Türkiye 15 Temmuz 2016’da hain bir darbe girişimiyle karşı karşıya kalırken bir yandan da tarihinin en büyük kahramanlıklarından birine şahitlik ediyordu.
Özgür iradesine sahip çıkan halk tankların karşısında dimdik durarak darbecileri püskürtmüştü.
O gece onlarca şehit verildi.
Çok sayıda vatandaşımız yaralandı.
Ülkenin dört bir yanında halk yeni bir darbe girişimi ihtimaline karşı meydanlarda günlerce nöbet bekledi.
Türk halkı destansı bir mücadeleyle ülkeyi darbecilerden ve daha doğrusu darbe görüntüsü altında gerçekleştirilecek bir işgalden kurtarmıştı.
Meğer gözümüzle gördüğümüz ve bizzat kendimiz yaşadığımız bu olaylar gerçek değilmiş.
Türkiye’yi darbeden İran kurtarmış ve İran’ın bu “büyük yardımı” ile darbeden kurtulan Türkiye daha sonra nankörlük yaparak İran’a cephe almış.
Böyle diyor İranlılar…
İran Tesnim Haber Ajansı pazar günü bu düşünceyi yansıtan bir karikatür yayınladı.
Karikatürün ilk karesinde şöyle bir manzara var:
Darbe yazılı çukura düşen kırmızı elbiseli bir kişi.
Ay yıldızlı bir fes giyen o kişiyi yeşil elbiseli bir başka kişi elinden çekerek kurtarmaya çalışıyor ve o kişinin üzerinde de İran yazıyor.
İkinci karede ise Türkiye’yi temsil eden fesli kişi çukurdan çıkar çıkmaz kendisini kurtaran kişiye arkasını dönerek, “İran’ın bölgedeki politikaları mezhepçi” diyor.
Artık ne yiyor ne içiyorlarsa demek ki oradan bakınca Türkiye’yi darbeden kendilerinin kurtardıklarını zannetmelerine neden olacak halüsinasyonlar görüyorlar.
İnsan gerçekten hayret ediyor.
İran’ın Türkiye’yi darbeden kurtarmak için ne yaptığını gören ya da bilen var mı?
Varsa açıklasın da biz de bilelim.
Bizim tek bildiğimiz Suriye’de bulunan İran askerlerinin ve Tahran’a bağlı Şii milislerin başarılı olduğunu zannettikleri darbe girişimini havaya ateş ederek kutladıkları.
Bu absürt düşünceye sadece bir karikatürist sahip olsa yine iyi.
Devletin en üst kademelerinde de aynı görüş hâkim.
Örneğin, İran Dışişleri Bakanı Cevad Zarif…
Zarif, “İran” gazetesine verdiği ve ileriki günlerde yayınlanacak röportajda Türkiye’nin “hafızası zayıf ve nankör bir komşu” olduğunu söylemiş.
Tesnim Haber Ajansı’nın Arapça sitesinde pazar günü yayınlanan habere göre Zarif söz konusu röportajda şöyle demiş:
“Türkiye’ye bakın, hangi seviyeye geldi.

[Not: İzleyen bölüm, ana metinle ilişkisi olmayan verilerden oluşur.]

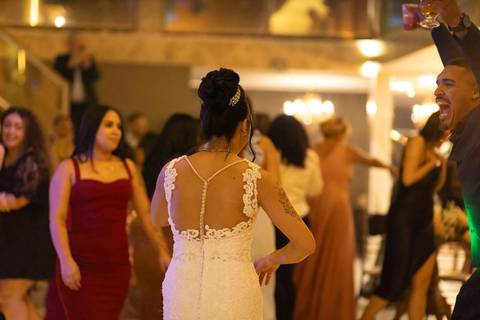 As melhores ideias e inspirações criativas de fotos de casamento registradas por fotógrafos profissionais de eventos da empresa Criativus Foto e Vídeo no Espaço Mariana Rui Barbosa: Fotos da noiva jogando o buquê'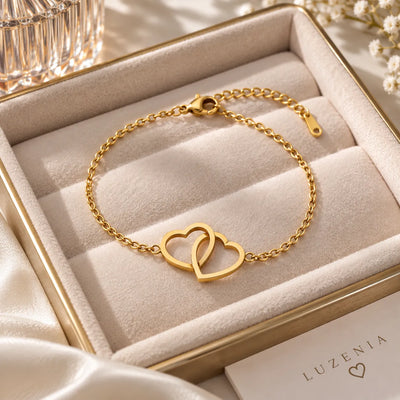 Interlocked Hearts Gold Bracelet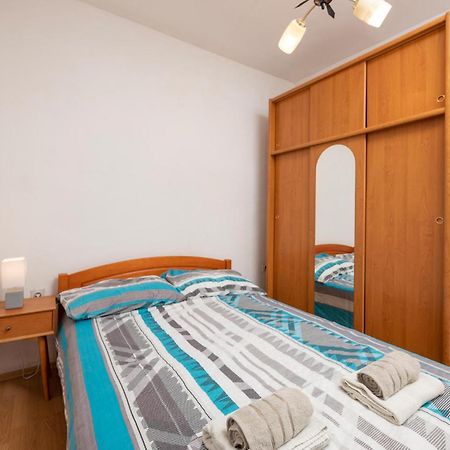 Cozy Apartment In Fazana With Kitchen Exteriör bild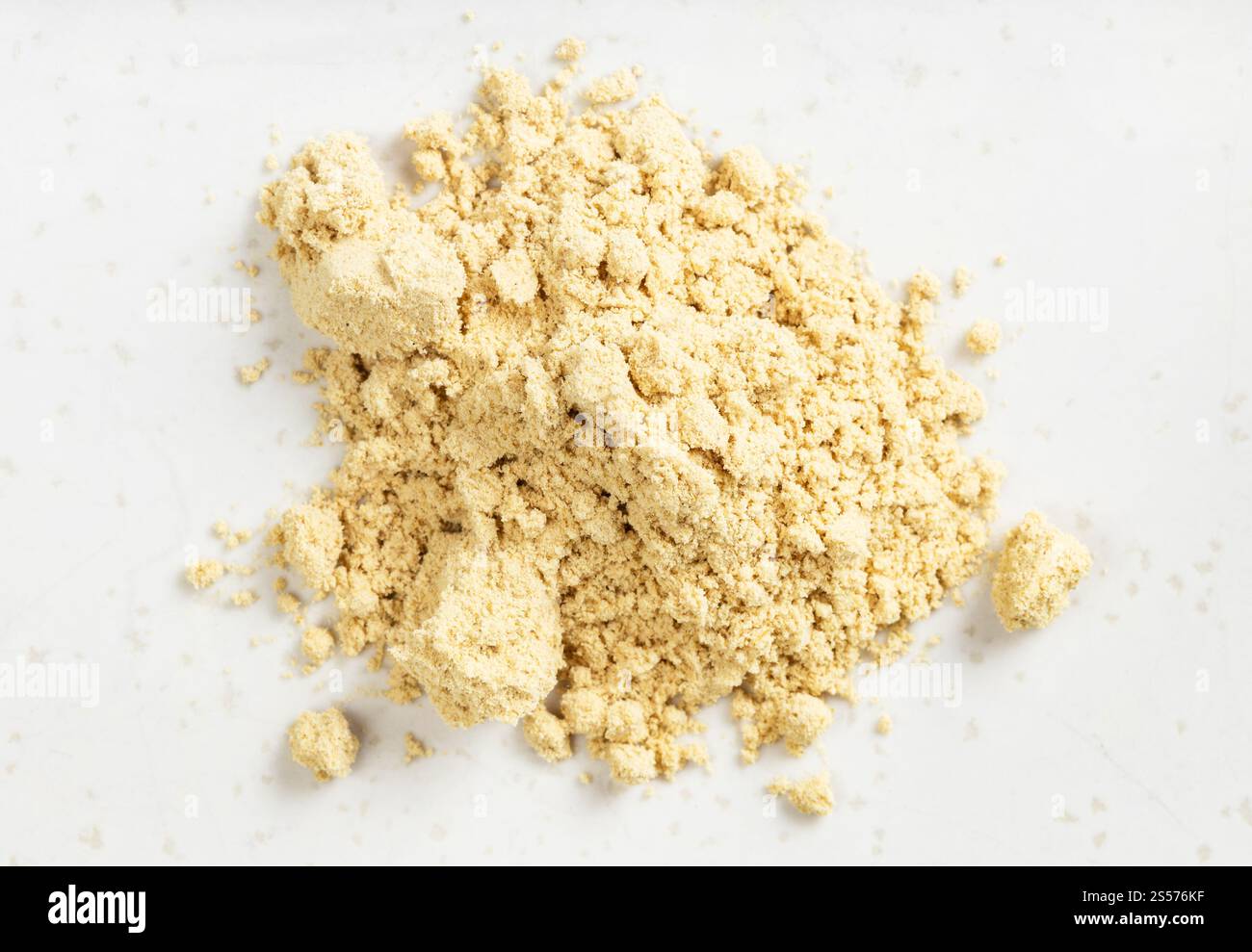 vue de dessus de la pile de poudre de gingembre en gros plan plaque en céramique grise Banque D'Images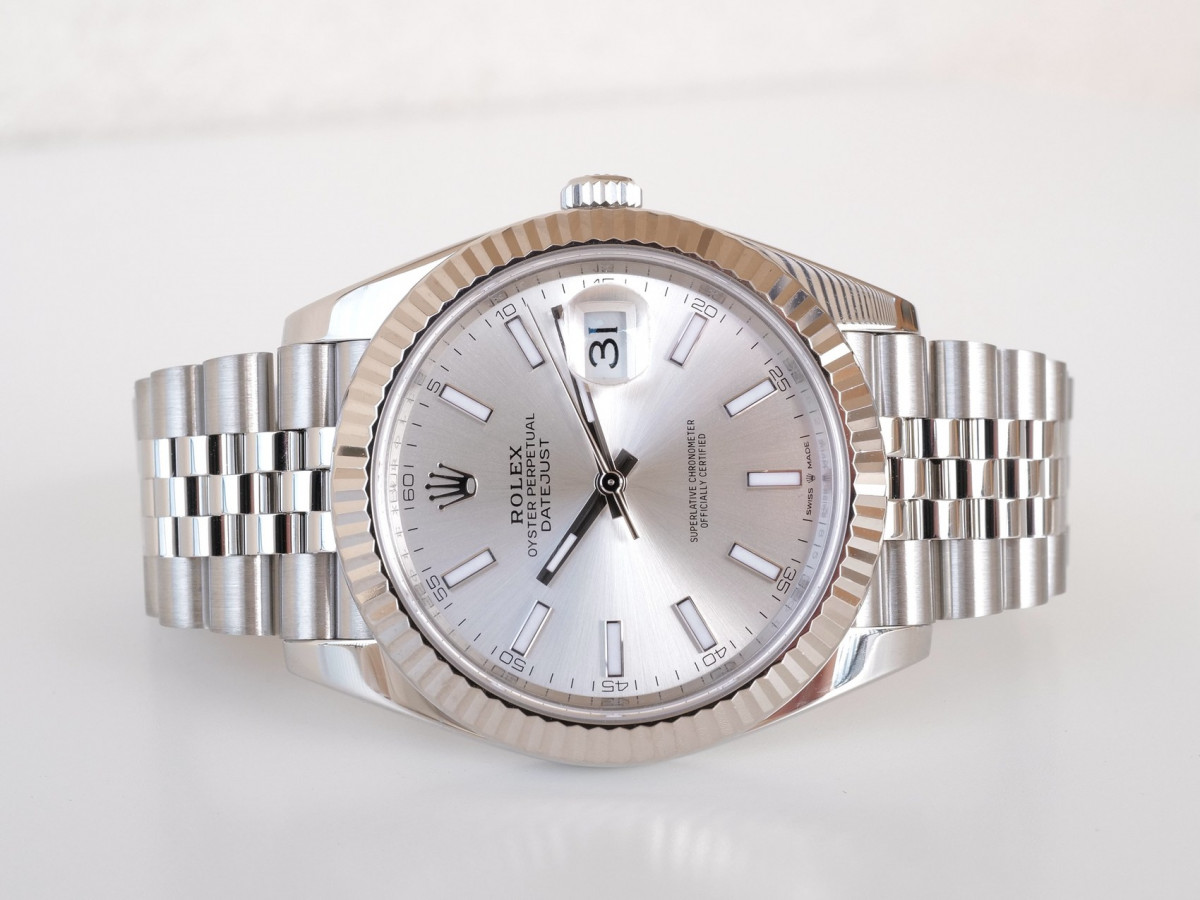 Швейцарський годинник Rolex Datejust 41 Silver Dial Jubilee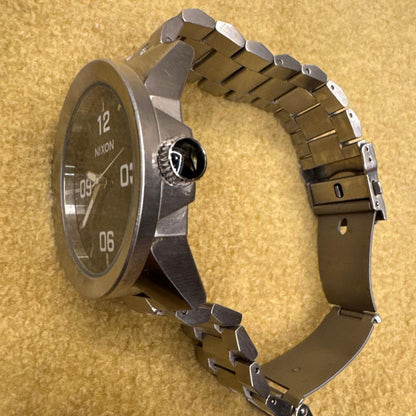 NIXON A356-050 Men's Watch — Japanese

Bu ülkenin hükümetine acıyoruz. Görünüşe göre dostlarımızın hafızası zayıf. İslam Cumhuriyeti’ni mezhepçilik yapmakla suçluyorlar. Son askeri darbe girişiminin olduğu geceki tavrımızı, Şii bir hükümet olmadığı halde sabaha kadar gelişmeleri yakından takip ettiğimizi unutmuş gibiler. Hafızaları zayıf. Onlara destek olanların ve sevgiyle yaklaşanların bu iyiliğine karşılık nankörlük ediyorlar.”
Türkiye’yi darbeden kurtardıklarını düşünmeye İranlılar’ı neyin sevk ettiğini bilmiyoruz.
Fakat bu açıklamaların sebebi malum.
Cumhurbaşkanı Recep Tayyip Erdoğan’ın ve Dışişleri Bakanı Mevlüt Çavuşoğlu’nun açıklamaları.
Erdoğan, Bahreyn ziyareti sırasında başkent Manama’da verdiği konferansta, İran’ın bölgesel politikalarına işaret ederek, mezhepçiliği kullanan Fars ırkçılığının Irak’ı ve Suriye’yi bölmek istediğini ve buna karşı çıkılması gerektiğini söylemişti.
Çavuşoğlu da Münih Güvenlik Konferansı’nda yaptığı konuşmada İran’ı mezhepçilik yapmak ve Şiiliği yaymaya çalışmakla suçlamıştı.
Gerçeği dile getiren ve yaraya parmak basan bu açıklamalar İranlıları hoplatmaya yetti.